The faction behind it denies that it is “rocking the boat” in the pre-election period and says that in the early weeks the website will be used to campaign for a Conservative victory. It wants people to use the increasingly popular practice of “blogging” — writing online diaries — to break the power of the broadcast media. The toppling of Dan Rather, the veteran anchorman of evening news programmes on CBS in the United States, after “bloggers” exposed as false documents about President Bush’s military record is being cited as evidence of the way that the internet has given new power to ordinary people to influence events. The website — conservativehome.com — is being started today by Tim Montgomerie, who was political secretary to Iain Duncan Smith when he was Tory leader and was head of the Conservative Renewing One Nation unit under William Hague.
It is independent of the Tory party, though supportive of it, but the website will inevitably be seen as the start of a fresh debate about where the party should move in the event of a third successive election defeat. The website combines the concepts of a think-tank and online newspaper and its aim is to provide a forum for the revival of Conservative thinking and policies.
Mr Montgomerie is an expert on American politics and the way that the Right has used websites to bypass the mainstream media, which is felt to be broadly hostile to conservative ideas. It is funded by donations from private individuals. The site will suggest a values-based approach to politics. It will favour tax relief, oppose British membership of the euro, support the strengthening of marriage and back pre-emptive action in the War on Terror.

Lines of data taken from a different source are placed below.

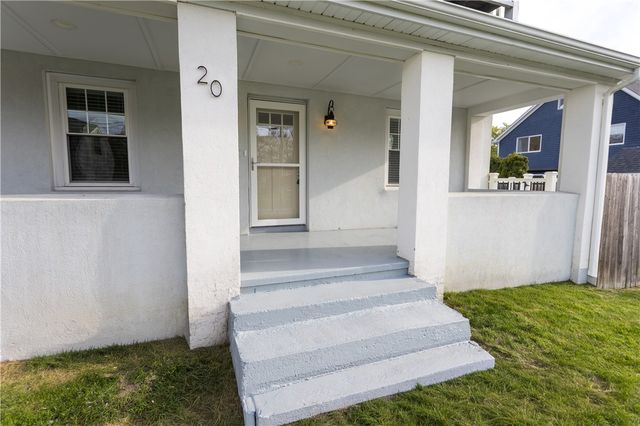 20 West View Street, Warwick, RI 02889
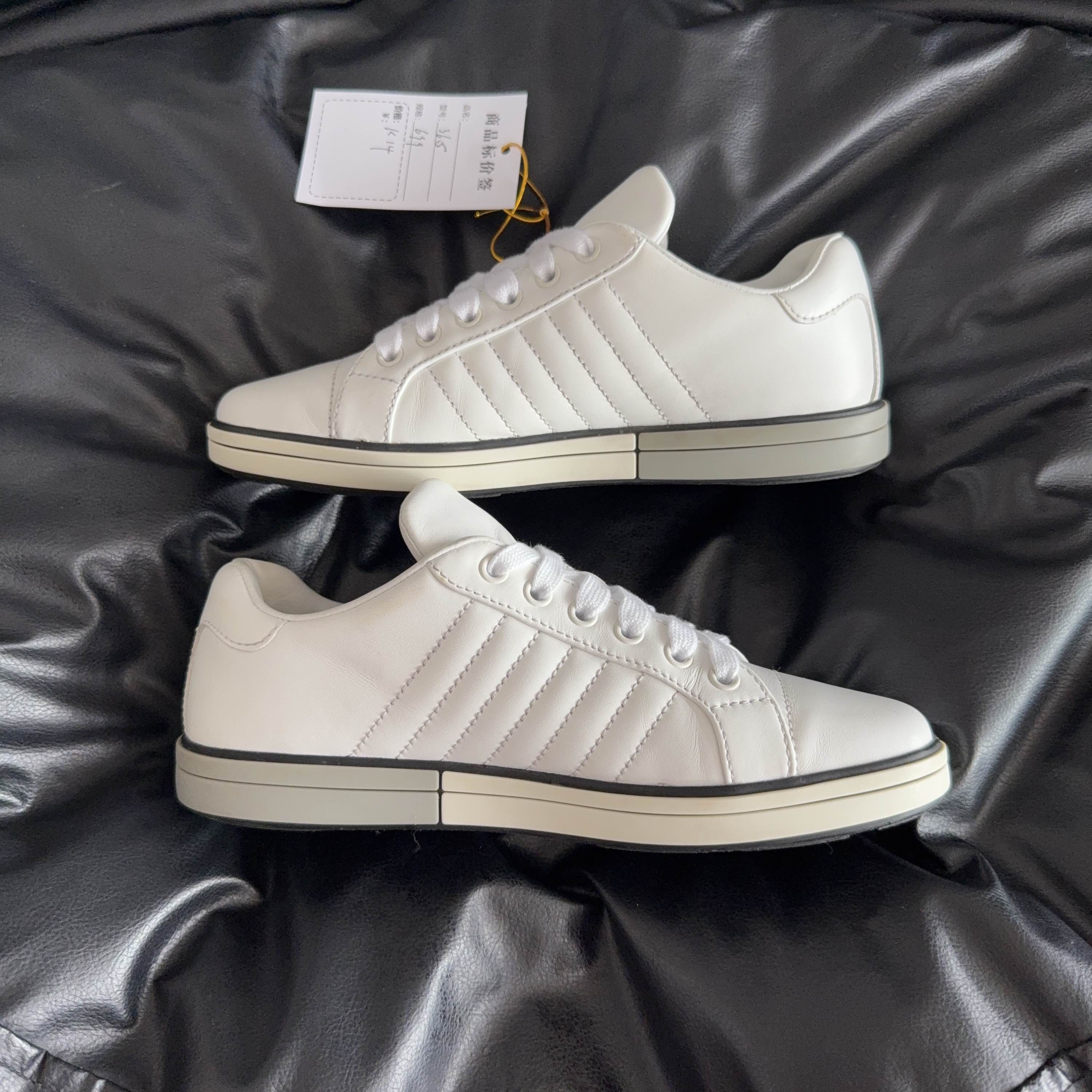 Prada Prada Leather Low-Top Sneakers White Size 36.5 Size US 6.5 / IT 36.5 - 6 Thumbnail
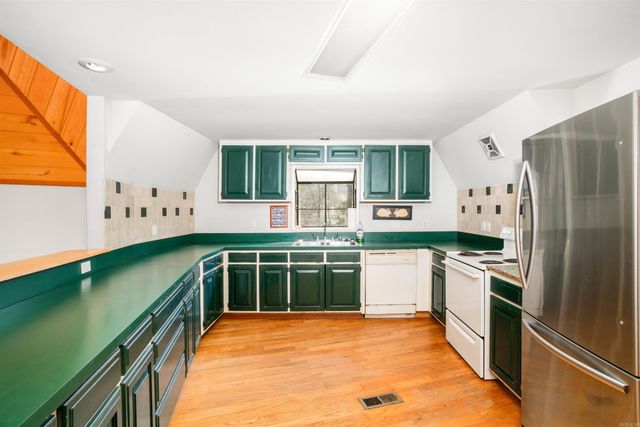 16 Perfecto Lane, Hot Springs Village, AR 71909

It will also advocate a broader form of conservatism, opposing the sale of arms to repressive regimes and suggesting that a “bias to the poor” should be its defining mission. Students will be a key target.
In its first phase, conservativehome.com is to try to persuade what it calls “social conservatives” to back the Tories at the election. The second phase will follow immediately. At that point, it will begin to urge Tory supporters and natural conservatives, particularly within the faith communities and environmental movement, to support “one nation” conservatism. In a recent article Mr Duncan Smith said that the “blogosphere” would become a big force in Britain and could boost conservatism."